Photo: Uber TG

Uber resumes AV testing in San Francisco

17 March 2020

by Christopher Carey

Uber has resumed testing of its self-driving cars on San Francisco’s streets–almost two years after the ride sharing company scaled back its autonomous vehicle (AV) testing programme following a fatal crash in Arizona.

The California Department of Motor Vehicles (DMV) reinstated Uber’s permit to test self-driving vehicles on public roads in February, with the company saying it will limit activities to two vehicles, both operated by safety drivers during daylight hours only.

An Uber spokesperson said: “Our testing area will be limited in scope to start, but we look forward to scaling up our efforts in the months ahead and learning from the difficult but informative road conditions that the Bay Area has to offer.”
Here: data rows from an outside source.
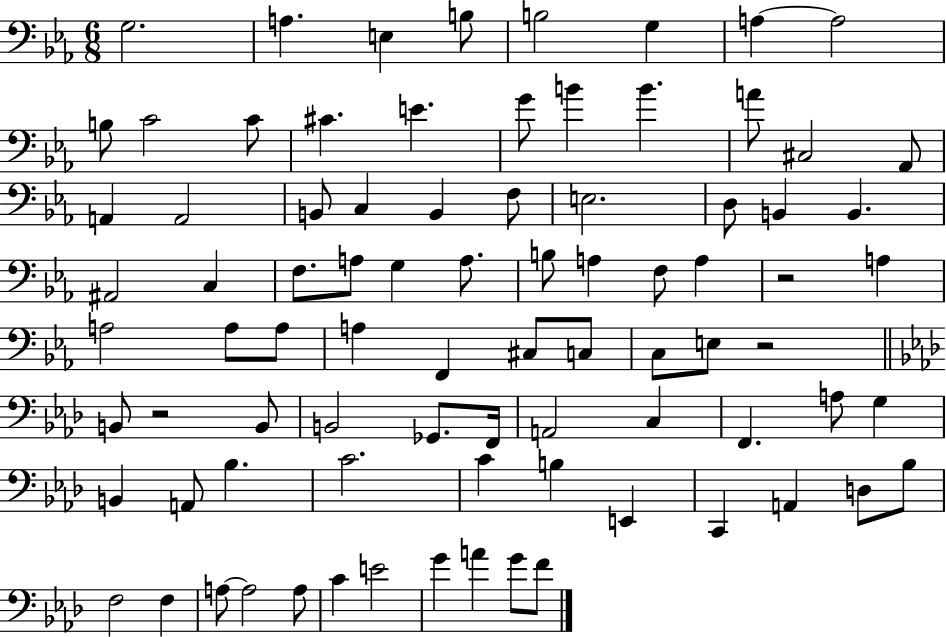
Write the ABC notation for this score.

X:1
T:Untitled
M:6/8
L:1/4
K:Eb
G,2 A, E, B,/2 B,2 G, A, A,2 B,/2 C2 C/2 ^C E G/2 B B A/2 ^C,2 _A,,/2 A,, A,,2 B,,/2 C, B,, F,/2 E,2 D,/2 B,, B,, ^A,,2 C, F,/2 A,/2 G, A,/2 B,/2 A, F,/2 A, z2 A, A,2 A,/2 A,/2 A, F,, ^C,/2 C,/2 C,/2 E,/2 z2 B,,/2 z2 B,,/2 B,,2 _G,,/2 F,,/4 A,,2 C, F,, A,/2 G, B,, A,,/2 _B, C2 C B, E,, C,, A,, D,/2 _B,/2 F,2 F, A,/2 A,2 A,/2 C E2 G A G/2 F/2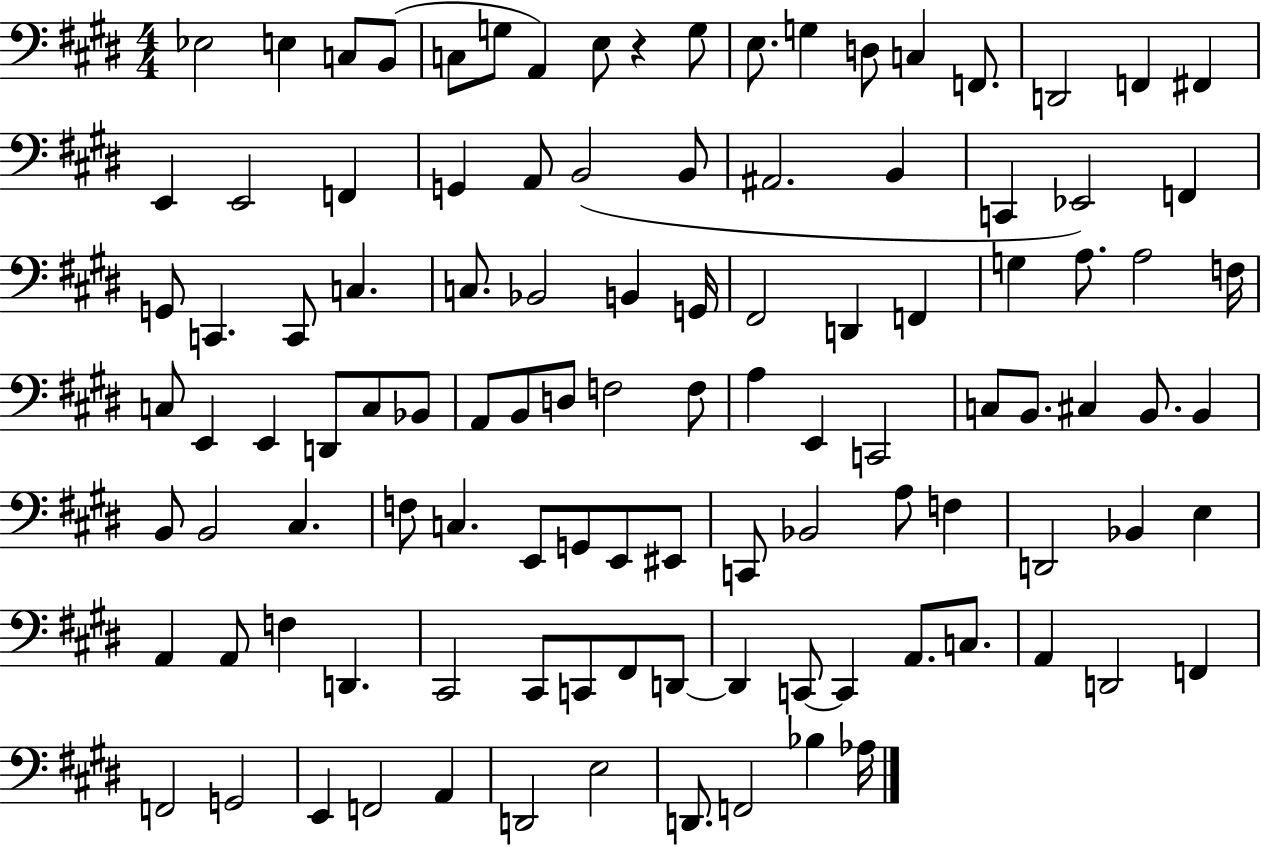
X:1
T:Untitled
M:4/4
L:1/4
K:E
_E,2 E, C,/2 B,,/2 C,/2 G,/2 A,, E,/2 z G,/2 E,/2 G, D,/2 C, F,,/2 D,,2 F,, ^F,, E,, E,,2 F,, G,, A,,/2 B,,2 B,,/2 ^A,,2 B,, C,, _E,,2 F,, G,,/2 C,, C,,/2 C, C,/2 _B,,2 B,, G,,/4 ^F,,2 D,, F,, G, A,/2 A,2 F,/4 C,/2 E,, E,, D,,/2 C,/2 _B,,/2 A,,/2 B,,/2 D,/2 F,2 F,/2 A, E,, C,,2 C,/2 B,,/2 ^C, B,,/2 B,, B,,/2 B,,2 ^C, F,/2 C, E,,/2 G,,/2 E,,/2 ^E,,/2 C,,/2 _B,,2 A,/2 F, D,,2 _B,, E, A,, A,,/2 F, D,, ^C,,2 ^C,,/2 C,,/2 ^F,,/2 D,,/2 D,, C,,/2 C,, A,,/2 C,/2 A,, D,,2 F,, F,,2 G,,2 E,, F,,2 A,, D,,2 E,2 D,,/2 F,,2 _B, _A,/4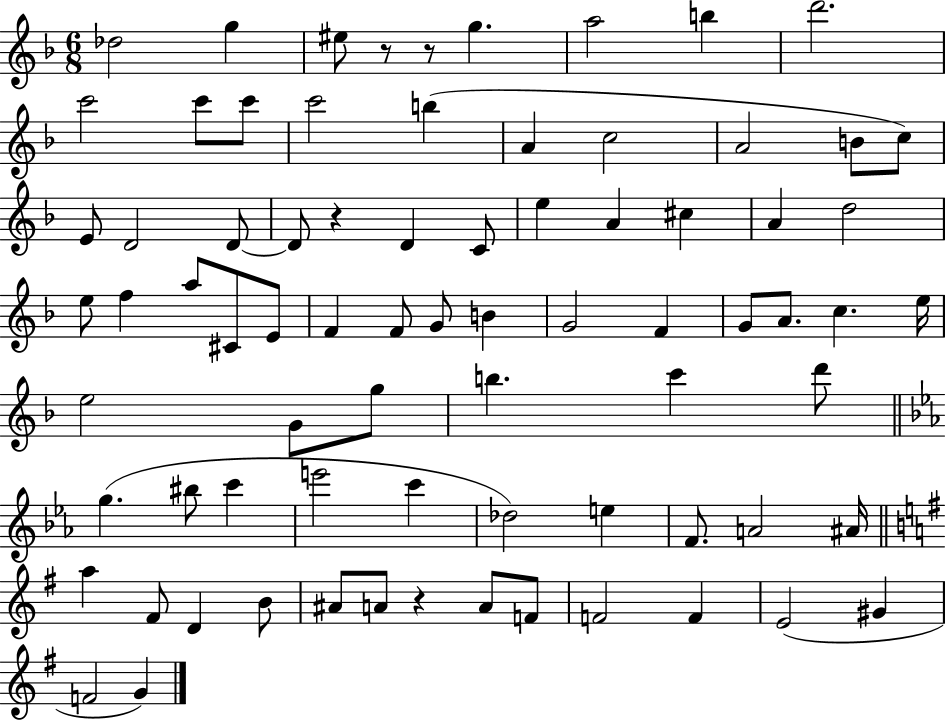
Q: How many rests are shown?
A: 4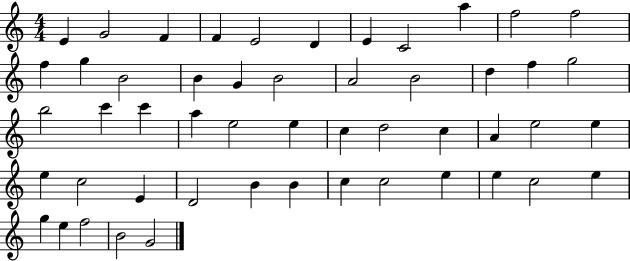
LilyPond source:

{
  \clef treble
  \numericTimeSignature
  \time 4/4
  \key c \major
  e'4 g'2 f'4 | f'4 e'2 d'4 | e'4 c'2 a''4 | f''2 f''2 | \break f''4 g''4 b'2 | b'4 g'4 b'2 | a'2 b'2 | d''4 f''4 g''2 | \break b''2 c'''4 c'''4 | a''4 e''2 e''4 | c''4 d''2 c''4 | a'4 e''2 e''4 | \break e''4 c''2 e'4 | d'2 b'4 b'4 | c''4 c''2 e''4 | e''4 c''2 e''4 | \break g''4 e''4 f''2 | b'2 g'2 | \bar "|."
}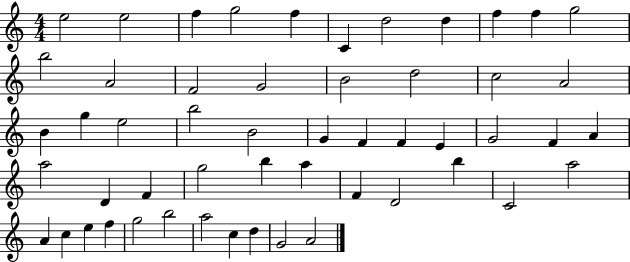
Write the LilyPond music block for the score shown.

{
  \clef treble
  \numericTimeSignature
  \time 4/4
  \key c \major
  e''2 e''2 | f''4 g''2 f''4 | c'4 d''2 d''4 | f''4 f''4 g''2 | \break b''2 a'2 | f'2 g'2 | b'2 d''2 | c''2 a'2 | \break b'4 g''4 e''2 | b''2 b'2 | g'4 f'4 f'4 e'4 | g'2 f'4 a'4 | \break a''2 d'4 f'4 | g''2 b''4 a''4 | f'4 d'2 b''4 | c'2 a''2 | \break a'4 c''4 e''4 f''4 | g''2 b''2 | a''2 c''4 d''4 | g'2 a'2 | \break \bar "|."
}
The mobility provider is currently trialling its AV programme in Pittsburgh, Dallas, Washington, DC, and Toronto—but San Francisco is the only other city besides Pittsburgh where Uber’s cars will operate in autonomous mode.

Last November the National Transportation Safety Board (NTSB) criticised Uber’s “inadequate safety culture” in a scathing report on the 2018 incident in Arizona in which an Uber AV hit and killed a pedestrian.

It found the car’s automated driving system detected the pedestrian 5.6 seconds before impact, but “never accurately identified the object crossing the road as a pedestrian,” and that the car’s safety driver was not looking at the road 34 percent of the time–glancing at their phone 23 times in the final three minutes before the crash.

The report later established that the vetting and hiring of safety drivers was “careless”, as the driver in question was a convicted armed robber who had served almost four years in a state prison.

The testing phase in San Francisco will initially be limited to two weeks, with the vehicles only operated in self-driving mode in the less populated west side Richmond District.

Currently 65 companies have permits from the California DMV to test self-driving vehicles on public roads–which differs from permits issued by the California Public Utilities Commission (CPUC) to transport passengers in autonomous vehicles.

Only six companies–GM’s Cruise, Aurora, AutoX, Pony.ai, Waymo, and Zoox–have permits under the CPUC’s pilot programme, with Zoox the first to receive one in December 2018.